Issue (i): Whether the share income of the assessee from the Malaysian firm could be included in the assessment.
Analysis: The question was decided by applying the test laid down in the earlier connected decision, under which the foreign firm's share income was not liable to be brought into the assessee's assessment under the relevant treaty arrangement.
Conclusion: The issue was answered in favour of the assessee and against the Revenue.
Issue (ii): Whether there was a permanent establishment of the Malaysian firm in India within the meaning of article 7 of the double taxation avoidance agreement.

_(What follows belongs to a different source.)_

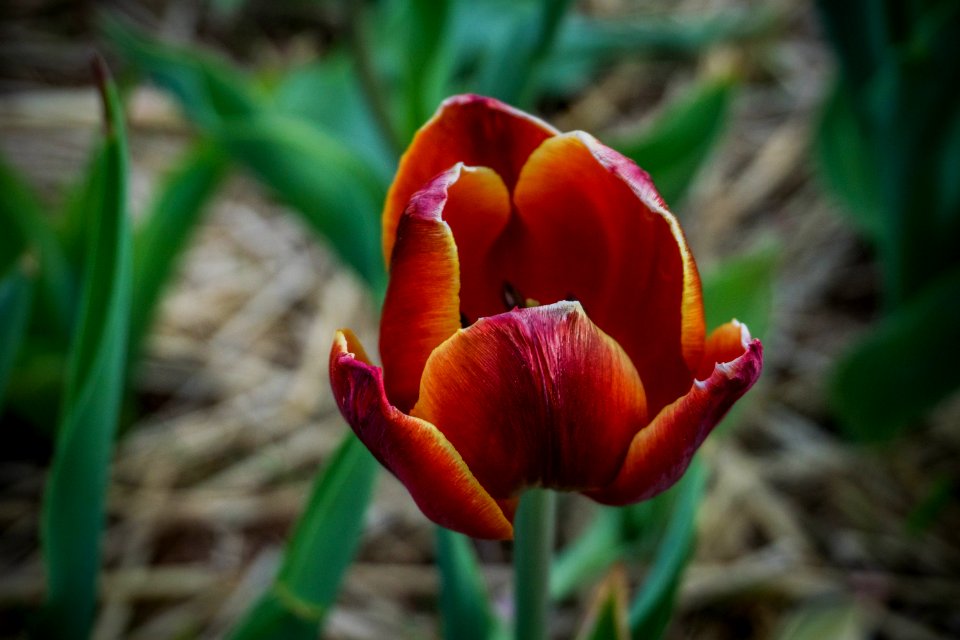 Burnside farms   flower fields, Haymarket, United states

Analysis: On the facts found by the Tribunal, the treaty requirement for a permanent establishment in India was not satisfied, and the Tribunal's finding was upheld.
Conclusion: The issue was answered in favour of the assessee and against the Revenue.

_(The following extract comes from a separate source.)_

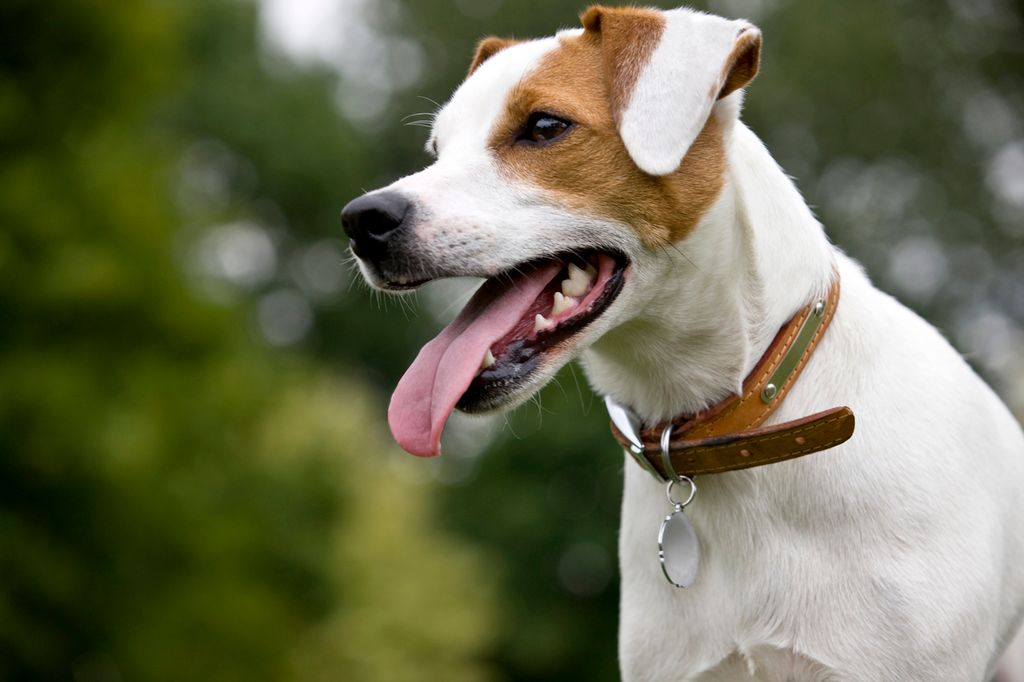 Jack Russell draußen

Issue (iii): Whether the Malaysian foreign income was includible in the total income for rate purposes and whether production of a certificate of taxation in Malaysia was necessary.
Analysis: Reading paragraph 2 of article 2 with the permissive language used in the relevant treaty articles, the foreign income was held not to be includible for rate purposes and the production of a Malaysian tax certificate was held unnecessary.
Conclusion: The issue was answered in favour of the assessee and against the Revenue.
Final Conclusion: The references were answered against the Revenue on all substantive questions, with the Tribunal's view on treaty-based exclusion of the Malaysian income being sustained.
Ratio Decidendi: Where the applicable double taxation avoidance agreement so provides, foreign partnership income is not includible in the assessee's Indian assessment, and in the absence of a permanent establishment in India the foreign income need not be brought into rateable total income or supported by a foreign tax certificate.